Transgender rights are not nonexistent in the Middle East. Islamic authorities in Egypt and Iran issued fatwas in the 1980s authorizing transition surgery. And though transgender people are not specifically mentioned in the Quran, some Muslim religious scholars have suggested they are simply born in the wrong body.
But in practice, even transgender people who have undergone surgery have enormous difficulty achieving legal recognition of their identities. Although only Oman directly prohibits transgender people from expressing their identities, laws are often interpreted in ways that enable the authorities to target transgender people. For example, several other Arab countries forbid men from wearing women’s clothing to enter women-only areas.
Discrimination is also rampant. Because transgender Kuwaitis have no way of changing their legal gender, most have trouble accessing health care, housing, jobs or services requiring their identity cards.

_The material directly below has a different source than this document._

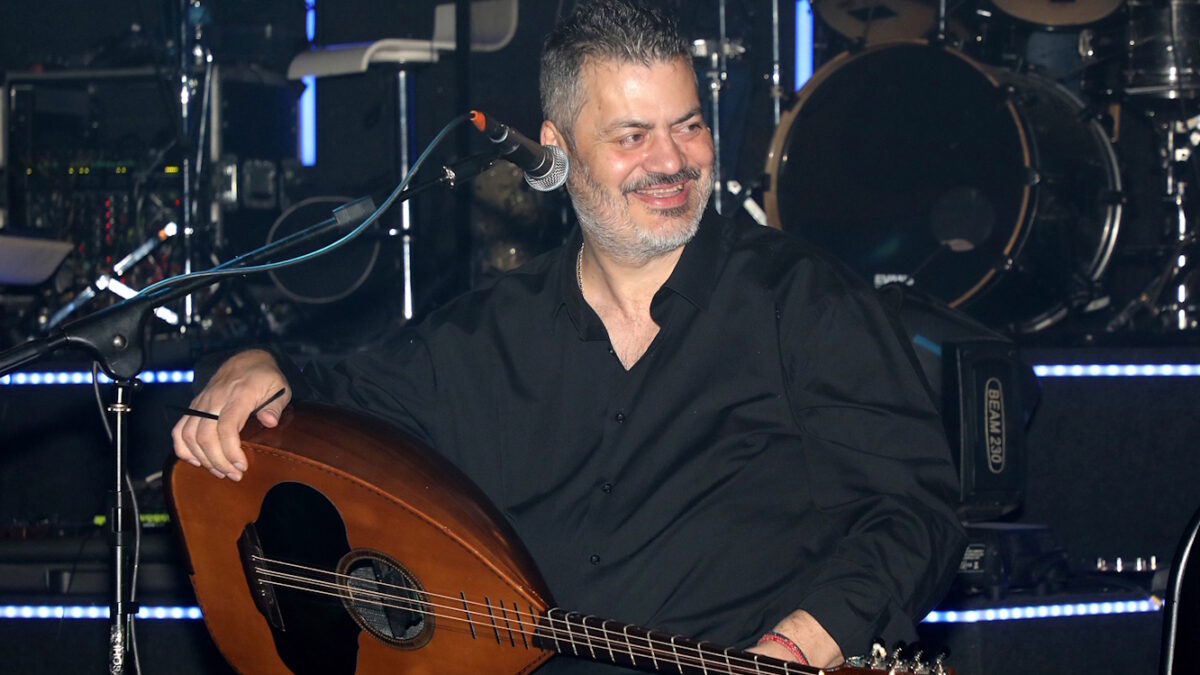 Μανώλης Κονταρός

Many transgender women dress like men and hide their hair to evade scrutiny, but still face arrest simply for having feminine-sounding voices or smooth skin, according to activists, transgender women and research compiled by Human Rights Watch. Thirty-nine of the 40 transgender women Human Rights Watch interviewed in Kuwait in 2011 reported having been arrested under Article 198, some as many as nine times.
Shaikha Salmeen, a lawyer and activist who worked on Ms. al-Mutairi’s case and the campaign against Article 198, said Wednesday’s ruling was a step “in the right direction.”
“It was unconstitutional and no one can doubt that,” she said, adding that she still anticipated a backlash from conservatives. “Their fight back is going to be vicious for sure.”